On first glance, this seems in more than a few ways like Mann’s least sui generis effort. Groundbreaking, intermittently beautiful cinematography aside, it does boil down to his most comprehensible action-styled plot, which evidently has had no small effect on its popularity among non-Mann obssessives (the lean and compact runtime doesn’t hurt either). But despite some missteps, especially from the start of the film to just after Vincent is introduced, it finds its groove, delivering some of the most loaded scenes of Mann’s career (both taking place in clubs) as well as his first great action scene in digital: a man hunting for others in a high-rise office building in LA, silhouetted with a raised pistol.
Lightning as a visual rather than a thematic connector, dancing as a celebration of the individual body rather than of a specific emotional context, a speedboat designed for dangerous and covert operations repurposed for pure pleasure. Pure Mann, his most deliriously romantic film in spite of, and in many ways because of, his complete grounding in the world of professionals.

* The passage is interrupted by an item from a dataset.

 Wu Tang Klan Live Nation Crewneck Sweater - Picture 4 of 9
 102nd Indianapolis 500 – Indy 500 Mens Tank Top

Calling this quotidian (a label which fits so many other of the best films released in 2016) would be fundamentally false; its elisions are in some ways the key to this dreamy movie. But Sunset Song is nevertheless about the moments that seem at once extraordinarily important and inconsequential. Davies captures the everyday in a way that seems loaded with import; the most ambitious moment may come when the moment of conception is conflated with the birth which is conflated with yet another birth, but the flow of scenes is so quietly spectacular, so logical yet emotional. The film does build to a high, but the lows do very little to obfuscate the movie’s power, and by the final dissolve, everything and nothing has changed.
The first Michael Mann film to be completely shot on digital, and yet the film feels like it owns the best of both HD and 35mm. It holds all of the immediacy and expressionism of its format without sacrificing most of the lushness and beauty of celluloid. It is for this reason that Public Enemies doesn’t seem to me a blunt challenge to the ideas of the past as it does an evolutionary act, a molding of the past into something present. Mann’s sense of kineticism is pushed virtually to the limit, compressing what should seem like grand setpieces into just another part of Dillinger’s rapidly moving life. And it is Mann’s most romantic film, tied not only to music but to little shared moments that reveal a whole nation’s sense of weightlessness.
A Bigger Splash
Almost deliberately off-putting in the way that Guadagnino cuts up long scenes of langour into fragments, and I’m still not sure whether I’m over- or under-appreciating this film. It reads as too inscrutable, especially because it keeps hinting that Something will go wrong in this almost idyllic place where astonishingly attractive people are simply hanging out. When it fully embraces that sense, as in the final quarter, or when it fully rejects it, A Bigger Splash feels truly at ease, but it comes off as awkward for its majority.